=== What the exercise asks ===
Below are the records; give again exactly the line with "带果阳台室内盆栽庭院花卉金佛手树苗千佛手瓜水果树苗佛手柑盆栽", the line with "Dobermann Foto: Hawk", and each line that lies between them, and nothing besides.

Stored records
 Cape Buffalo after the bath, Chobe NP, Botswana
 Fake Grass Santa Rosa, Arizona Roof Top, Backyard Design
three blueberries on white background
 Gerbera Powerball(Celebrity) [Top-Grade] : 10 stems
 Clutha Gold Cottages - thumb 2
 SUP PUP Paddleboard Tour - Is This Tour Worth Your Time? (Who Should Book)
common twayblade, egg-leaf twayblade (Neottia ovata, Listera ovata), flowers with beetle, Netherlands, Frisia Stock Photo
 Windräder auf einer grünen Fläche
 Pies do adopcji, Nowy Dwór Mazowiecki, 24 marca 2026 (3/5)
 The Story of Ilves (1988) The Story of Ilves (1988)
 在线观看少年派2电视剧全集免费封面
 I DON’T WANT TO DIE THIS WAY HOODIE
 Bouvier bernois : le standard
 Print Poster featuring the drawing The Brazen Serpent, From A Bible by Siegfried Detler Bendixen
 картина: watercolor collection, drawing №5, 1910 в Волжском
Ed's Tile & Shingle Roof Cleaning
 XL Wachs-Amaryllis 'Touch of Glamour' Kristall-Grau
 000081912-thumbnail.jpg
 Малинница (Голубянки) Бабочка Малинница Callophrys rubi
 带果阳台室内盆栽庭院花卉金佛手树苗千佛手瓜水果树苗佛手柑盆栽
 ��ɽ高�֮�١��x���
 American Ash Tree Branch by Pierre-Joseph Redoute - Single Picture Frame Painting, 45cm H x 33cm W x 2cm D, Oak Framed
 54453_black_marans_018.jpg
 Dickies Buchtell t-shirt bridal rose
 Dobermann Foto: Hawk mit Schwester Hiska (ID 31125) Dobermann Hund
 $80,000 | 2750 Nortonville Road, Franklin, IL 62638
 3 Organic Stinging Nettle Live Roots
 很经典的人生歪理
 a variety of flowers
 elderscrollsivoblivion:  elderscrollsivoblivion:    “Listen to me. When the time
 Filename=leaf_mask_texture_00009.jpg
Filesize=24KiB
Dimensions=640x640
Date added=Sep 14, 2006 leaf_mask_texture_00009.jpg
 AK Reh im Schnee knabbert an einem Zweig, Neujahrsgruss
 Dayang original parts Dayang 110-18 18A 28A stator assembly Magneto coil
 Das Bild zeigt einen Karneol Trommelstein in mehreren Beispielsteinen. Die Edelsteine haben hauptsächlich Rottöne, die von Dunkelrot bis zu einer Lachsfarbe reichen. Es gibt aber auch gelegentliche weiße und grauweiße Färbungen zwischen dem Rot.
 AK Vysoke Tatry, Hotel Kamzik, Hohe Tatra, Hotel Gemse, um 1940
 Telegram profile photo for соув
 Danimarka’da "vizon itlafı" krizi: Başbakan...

=== Output for this task ===
 带果阳台室内盆栽庭院花卉金佛手树苗千佛手瓜水果树苗佛手柑盆栽
 ��ɽ高�֮�١��x���
 American Ash Tree Branch by Pierre-Joseph Redoute - Single Picture Frame Painting, 45cm H x 33cm W x 2cm D, Oak Framed
 54453_black_marans_018.jpg
 Dickies Buchtell t-shirt bridal rose
 Dobermann Foto: Hawk mit Schwester Hiska (ID 31125) Dobermann Hund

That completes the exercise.